Nevertheless, the book is crammed with detail and lots of pictures, which will provide a more engrossed reader with hours of silent chuckles, if not any outright guffaws. Part of the reason for this lack of hilarity might be the authors' compromising humor for inaccurate postulating, such as "This page was itself once part of a temperate forest". It was in fact once part of a temperate tree farm. Let's not get overly dramatic here. It also does not seem fair, or in any way upstanding to the Jon Stewart Code of Sanity, to tell the aliens that the Muslims will "fuck you up". Which this book does, leading me to believe that Jon Stewart may have had less to do with its production than I originally thought.
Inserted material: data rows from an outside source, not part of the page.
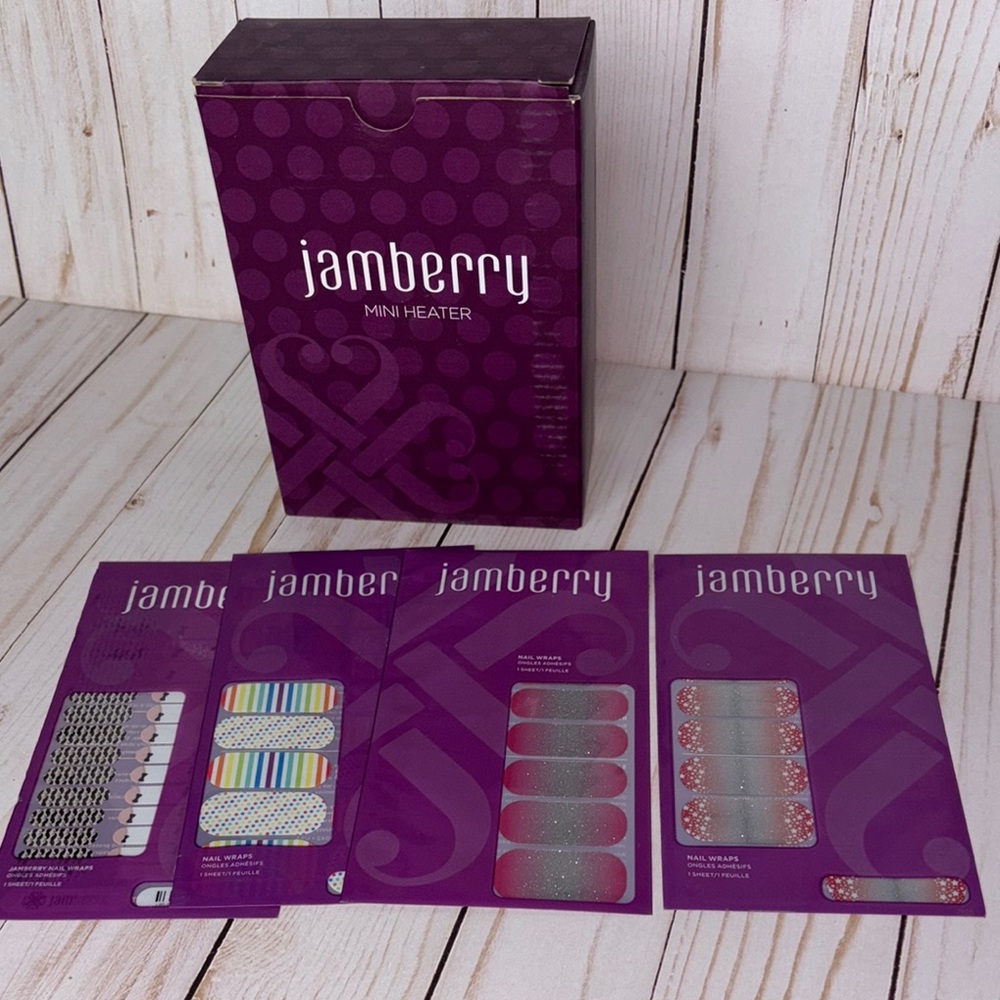 Jamberry Mini Heater with Nail Wraps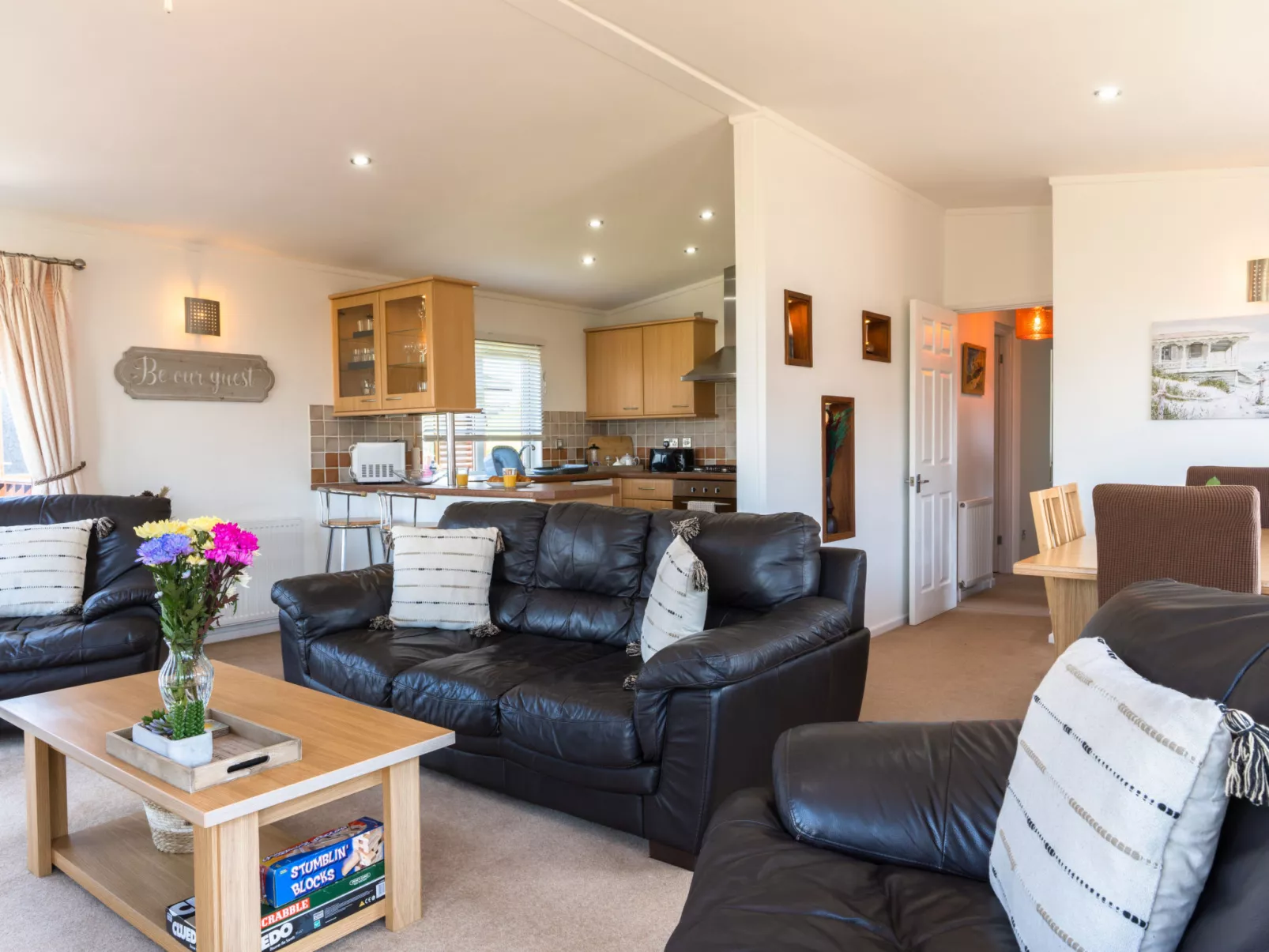 Serendipity Lodge-Inside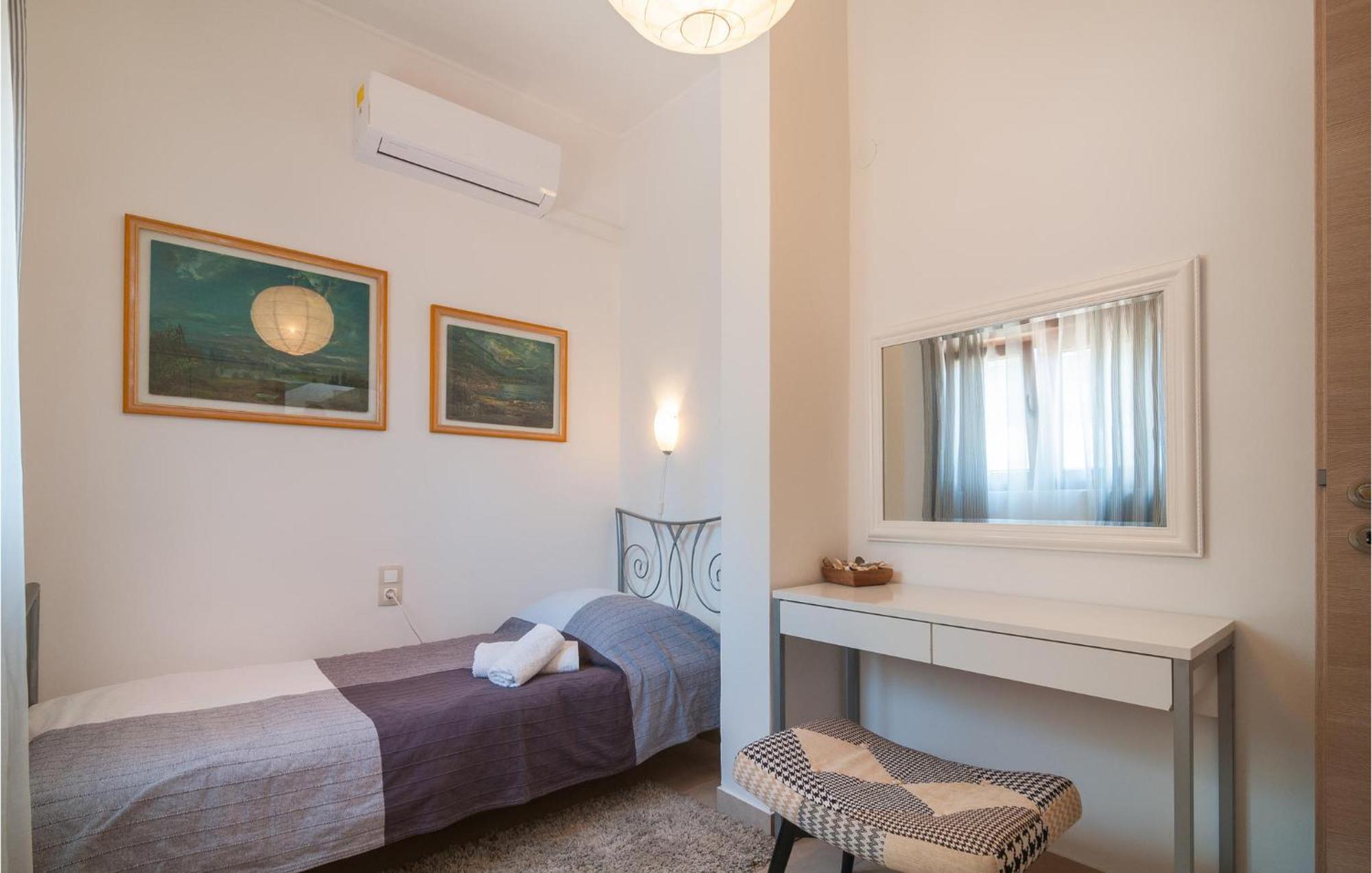 Casa de férias Cozy In Mudri Dolac With Kitchen Basina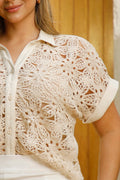 Blusa DP21055 para mujer en tejido de crochet con diseño floral dyaboo color beige 4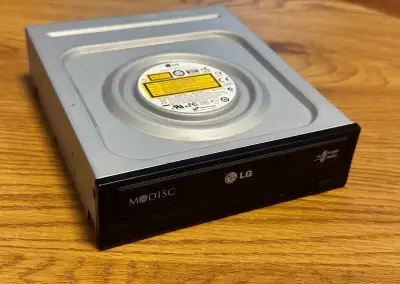 DVD interná mechanika / napaľovačka LG, SATA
Coming up next week: Steg Larsson's "The Girl with the Dragon Tattoo".

Introduction.

Oh, the New York Times Best Seller List. Such a strange, bold, unapologetic categorization of what American readers are absorbing this week, like, right now. Justly segregating Fiction from Non-Fiction, Hardback from Trade from Mass Market Paperback! So concise, and yet so informative! The latest Mitch Rapp installation, he's fighting terrorism! Jon Stewart, he's the guy from the Daily Show! Fuck, he is the Daily Show! And he's written a book!
Which is why I'm a little confused. The New York Times Best Seller List is such a prominent part of the Book Review, with its own three-page spread, within which generally nestles the newest ad for Kindle. Why is it then, that no one will actually review the gems that make their way to the top of the list? Sure, it happens. Like, once every blue moon. So for the poor sap who opens up his Sunday edition to that page somewhere towards the end and sees that Lee Child has a new book, and man is it selling like, I don't know, sliced bread, God forbid Jonathan Lethem condescend to read it, let alone write 500 words on it.
That's where I think I should come in. I propose to give TBR a break and do their dirty work for them. I will read the tomes that reach the number one spot, and I will inform on and, if necessary, critique the work in question. I doubt I'll have much to complain about. Most of the works that make it up there should be pretty great, is my guess. Americans have good taste in literature, from what I've observed at every airport terminal in the country.
I've set up some rules and guidelines. They have been pretty well thought out. It took me all of fifteen minutes.
1. I will review the top item on the Fiction hard cover list unless
a) It's already been on the top spot and I have therefore already reviewed it.
b) It's part of a series. As they say, Fuck that shit.
2. If the item has been disqualified (see above), I move on to the top of the Non-Fiction list.
3. And so on and so forth.
Thus, for the week of October 31st, I read The Daily Show with Jon Stewart's "Earth (the Book)" because Vince Flynn's "American Assassin" is something like the ninth book in his Mitch Rapp series. Nine books! That's like nine years' worth of reading material for the average American!